Required work
An exact copy, beginning at the line containing "What does a" and ending at the final line of the records that follow, is the answer; it has no pictures and no other text.

Captioned web image data

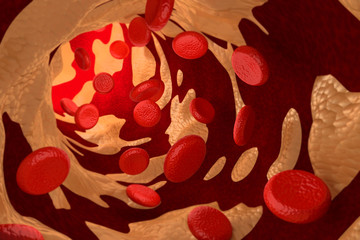 Arteriosclerosis by Cholesterol Plaque, 3D Rendering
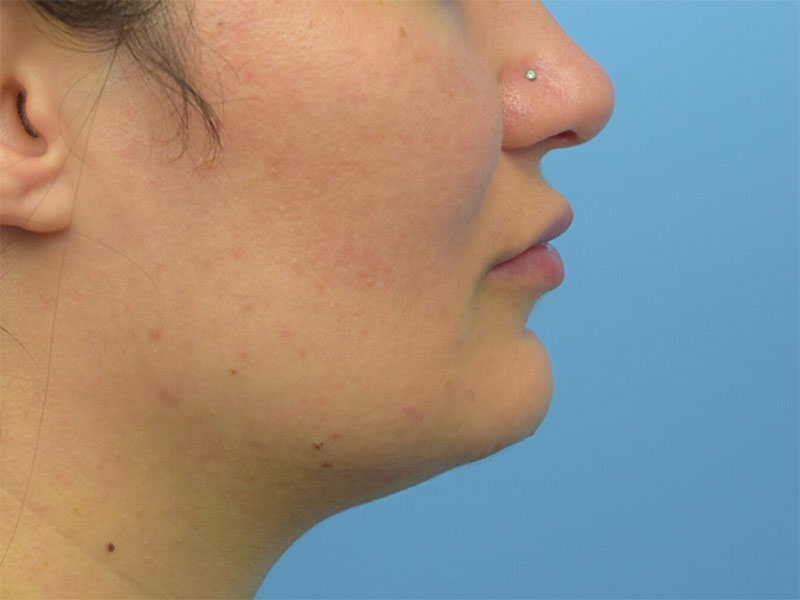 Buccal Fat Removal Before & After Image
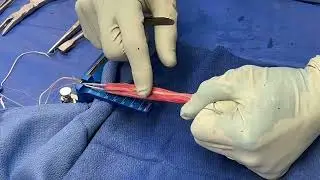 What does a hamstring tendon anterior cruciate ligament graft look like?
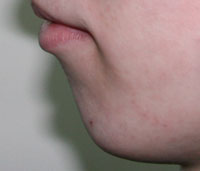 Фото до коррекции формы подбородка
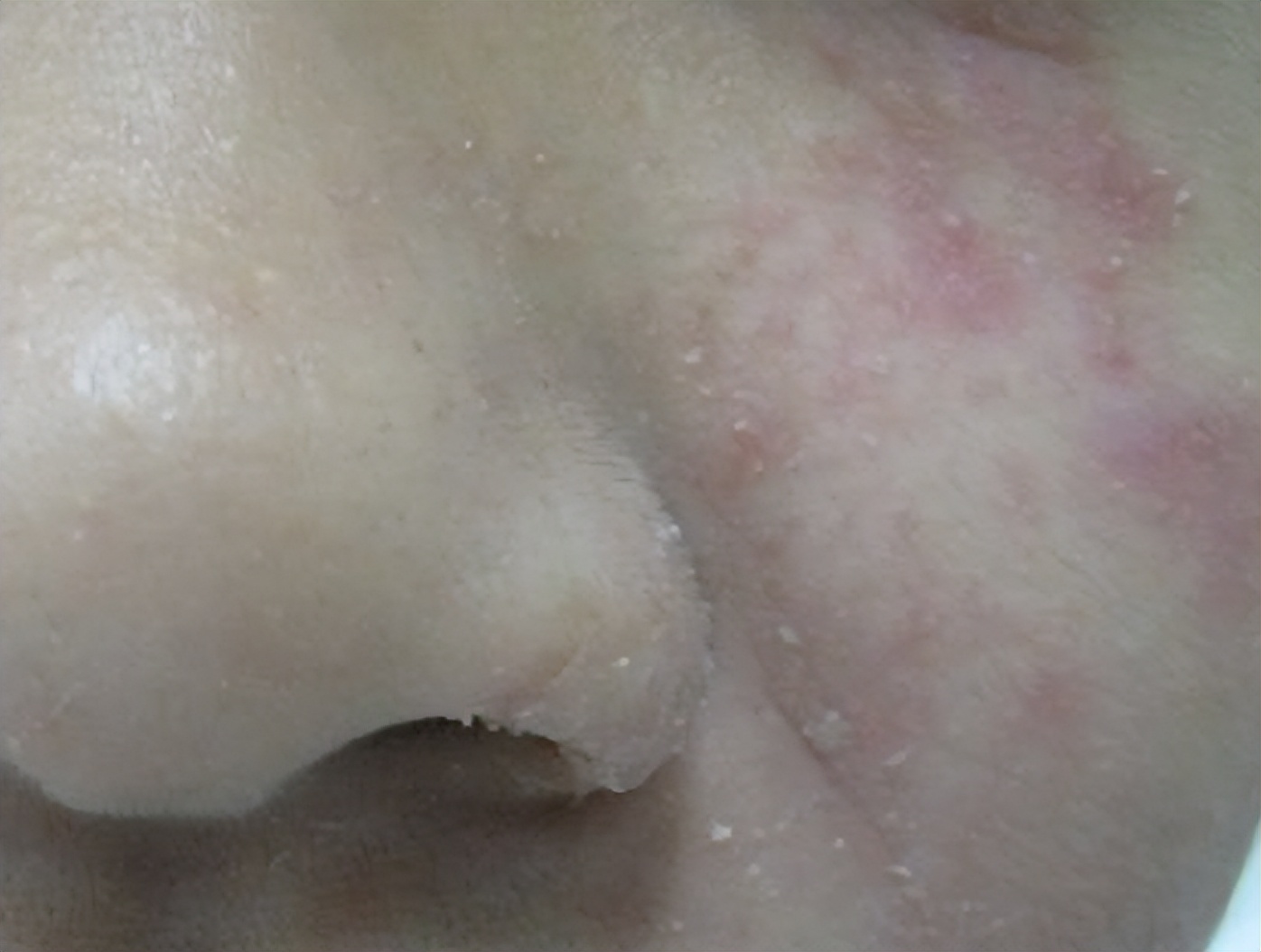 靶向药引起的皮疹怎么处理,靶向药出现皮疹怎么应对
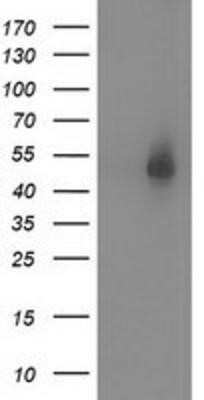 Western Blot: Syntrophin alpha 1 Antibody (OTI1H10) - Azide and BSA Free [NBP2-74422] - HEK293T cells were transfected with the pCMV6-ENTRY control (Left lane) or pCMV6-ENTRY Syntrophin alpha 1 (Right lane) cDNA for 48 hrs and lysed. Equivalent amounts of cell lysates (5 ug per lane) were separated by SDS-PAGE and immunoblotted with anti-Syn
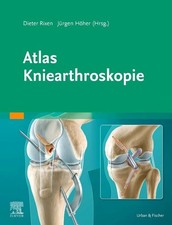 Atlas Kniearthroskopie: Mit Zugang Buch Urban...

Solution to this problem
 What does a hamstring tendon anterior cruciate ligament graft look like?
 Фото до коррекции формы подбородка
 靶向药引起的皮疹怎么处理,靶向药出现皮疹怎么应对
 Western Blot: Syntrophin alpha 1 Antibody (OTI1H10) - Azide and BSA Free [NBP2-74422] - HEK293T cells were transfected with the pCMV6-ENTRY control (Left lane) or pCMV6-ENTRY Syntrophin alpha 1 (Right lane) cDNA for 48 hrs and lysed. Equivalent amounts of cell lysates (5 ug per lane) were separated by SDS-PAGE and immunoblotted with anti-Syn
 Atlas Kniearthroskopie: Mit Zugang Buch Urban...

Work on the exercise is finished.